(Task objective) Copying exactly, give the lines in the material below from the one with "Carver 52 Command Bridge image" to the one with "Photo #2: 2175321 Listing", ends included, and nothing besides.

(Records)
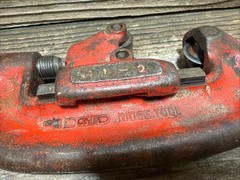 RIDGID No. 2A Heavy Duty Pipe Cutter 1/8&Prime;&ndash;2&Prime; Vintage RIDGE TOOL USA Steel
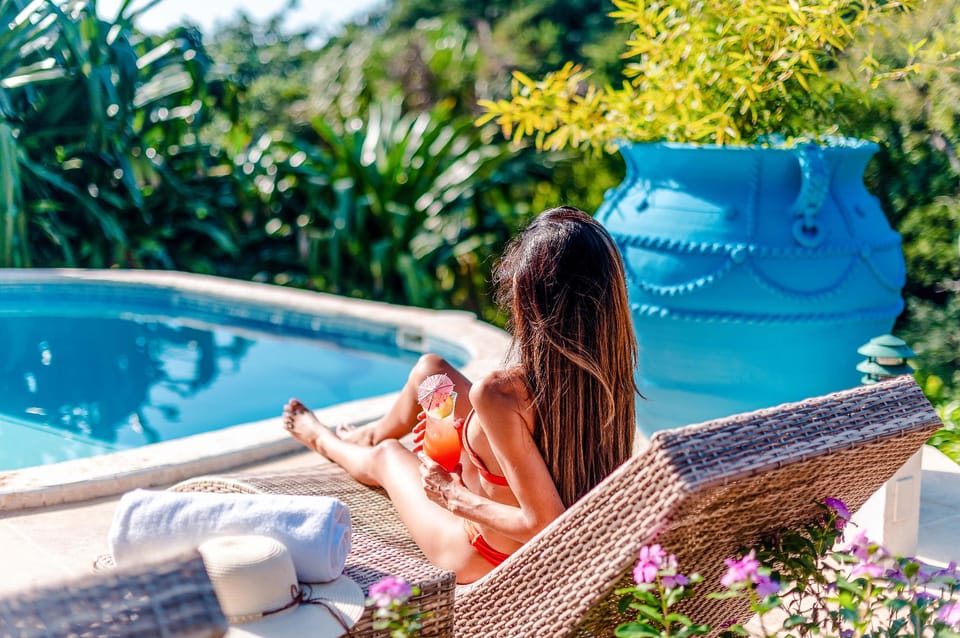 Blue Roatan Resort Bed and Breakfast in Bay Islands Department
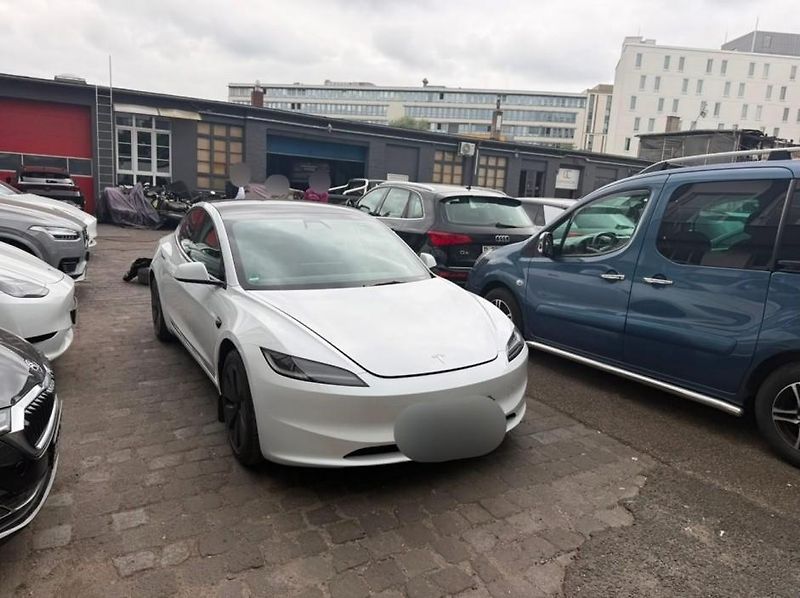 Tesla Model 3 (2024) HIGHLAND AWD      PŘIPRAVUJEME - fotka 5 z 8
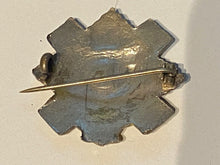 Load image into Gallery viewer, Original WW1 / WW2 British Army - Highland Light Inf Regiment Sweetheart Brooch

---

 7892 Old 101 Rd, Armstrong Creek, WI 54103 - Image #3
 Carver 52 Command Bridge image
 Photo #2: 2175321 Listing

(Solution for this problem)
 Carver 52 Command Bridge image
 Photo #2: 2175321 Listing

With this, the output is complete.